How Volvo's repositioned Polestar brand plans to lure BMW i and Tesla buyers

Volvo Cars is repositioning its racing-inspired Polestar brand to lure customers who want guilt-free high-performance vehicles that emit little to no emissions. Right now, the only brands offering those two contradictory perks in the premium segment are BMW’s i subbrand and Tesla.
Polestar’s debut model will be a first for the niche: a 2+2 plug-in hybrid coupe. The Polestar 1 promises 600 hp of combined power from dual powertrains, 1,000 newton meters of torque and an electric-only range of 150 km (93 miles).
By comparison, the two-seat BMW i8 plug-in hybrid coupe offers 362 hp, 570 newton meters and an electric-only range of 37 km.

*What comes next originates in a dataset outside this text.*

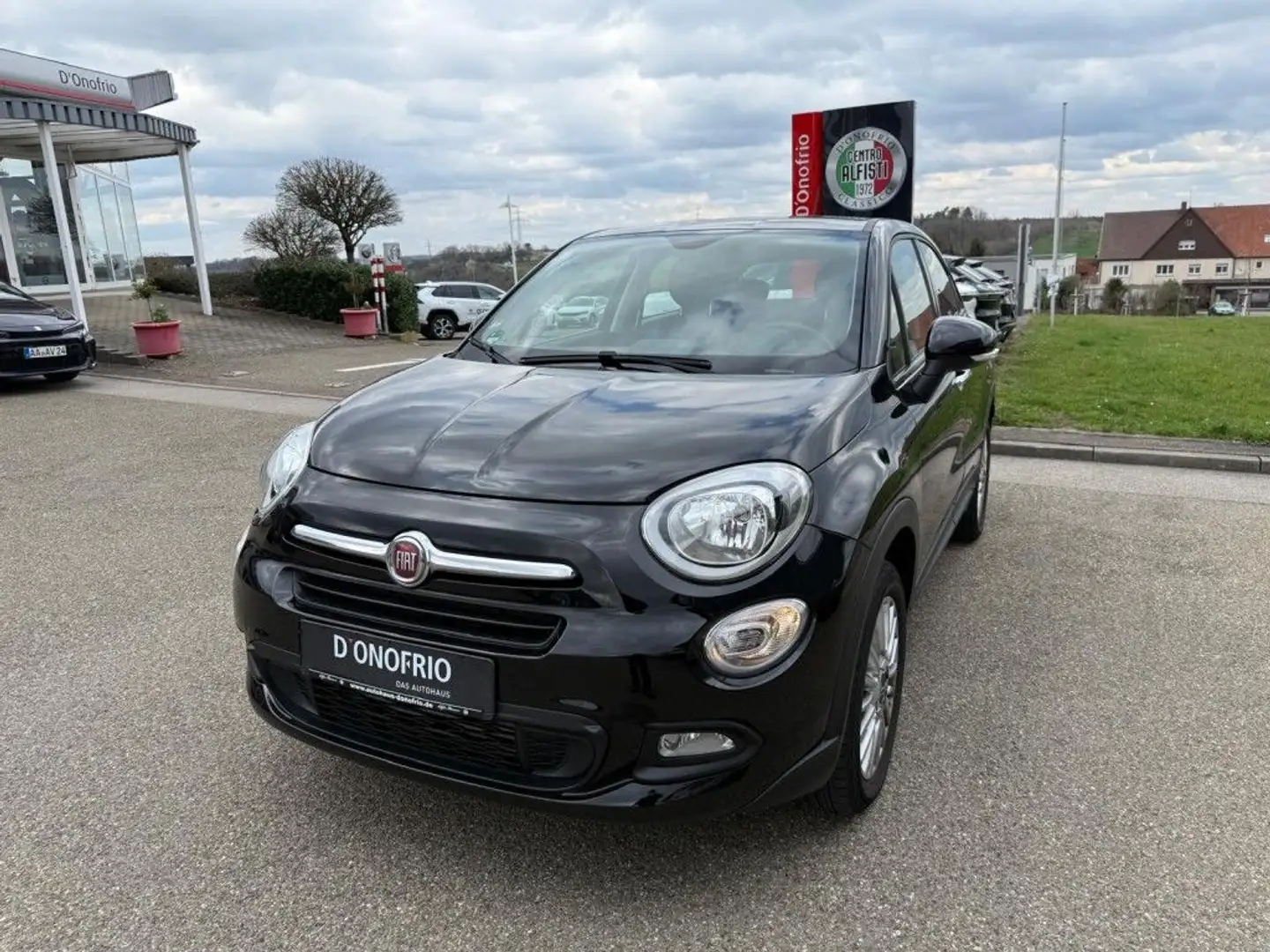 Fiat 500 500X 1.4 Multiair 4x2 S&S Rockstar Noir - 1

Starting in 2019, Polestar will add models to compete with Tesla’s Model 3 battery-powered four-door sedan and the Model X crossover.
Thomas Ingenlath, Volvo’s chief design officer who this summer added Polestar CEO to his title, emphasized that the brand’s first model will be the most powerful car ever built in China. Production will begin in mid-2019 at a new dedicated plant in Chengdu. The Polestar 1 will also offer the best full-electric range of any hybrid car on the market now, he said.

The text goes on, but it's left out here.